Give yourself love, respect, romance, compassion, appreciation – all those things you want from others. Give yourself time – this thing everyone else wants from you.

This post is really about habits. Morning Pages is a habit. Loving and giving to yourself is a habit. Giving to everyone but yourself is a habit. It's not a permanent state. You are not trapped. This is not 'just the way it is' or 'as good as it gets'. See those kinds of thoughts as resistance. Make a new habit.

Does forming a habit happen overnight? No. You didn't just wake up one morning a slave to the needs of your family, boss, friends. It happened over time due to choices that you made. Make new choices. And keep making new choices. And eventually, you will have new habits. Ones that, I hope, include things like Morning Pages and sunrise walks and telling yourself 'I love you'.

It takes 21 repetitions to form a habit. Twenty-one days to a new you. Think about that. Three weeks...a month if you fall off the wagon a little. What would you change? Take one thing. Morning Pages. Exercise. Saying no to people who take advantage of you. Carving out 30 minutes of nonnegotiable Mommy-Alone-Time.

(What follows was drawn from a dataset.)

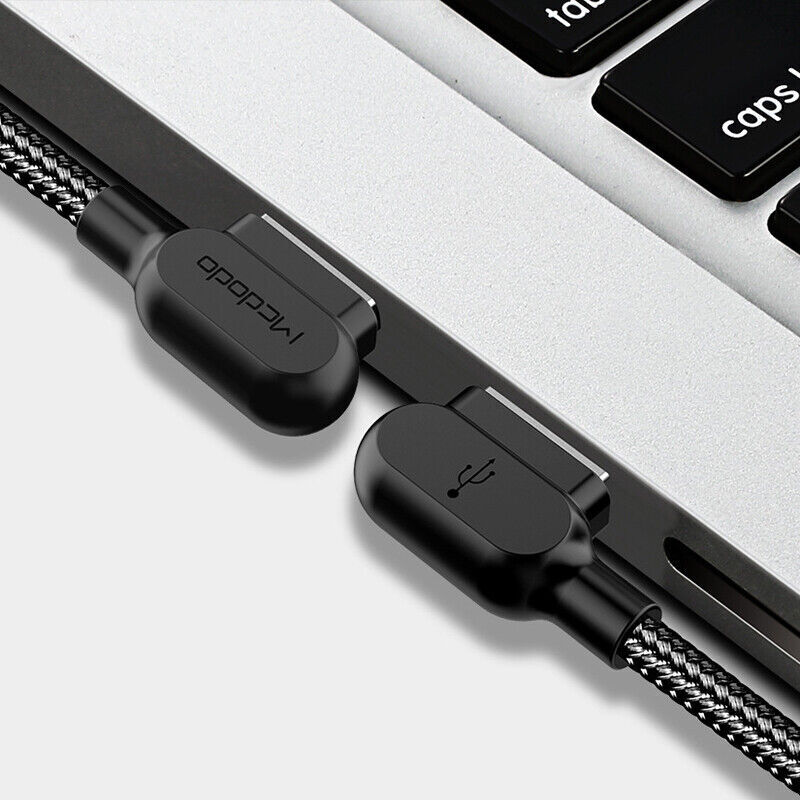 MCDODO Fast USB Charging Cable 90 Degree Heavy Duty for iPhone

I hope you try it. And if you do try it, I hope that every time you succeed – every day that you actually sit and write your Pages, or take your 30 minutes – that you thank yourself. Congratulate yourself. Add positive energy to what you are doing. Don't sit there and sulk about how you 'should have had this all along'. Your choices got you here and your choices can get you someplace better. So do it with joy and love and gratitude. Do everything with joy and love and gratitude, in fact.

How you do one thing is how you do everything, my friend Cathy says. How are you doing your everything?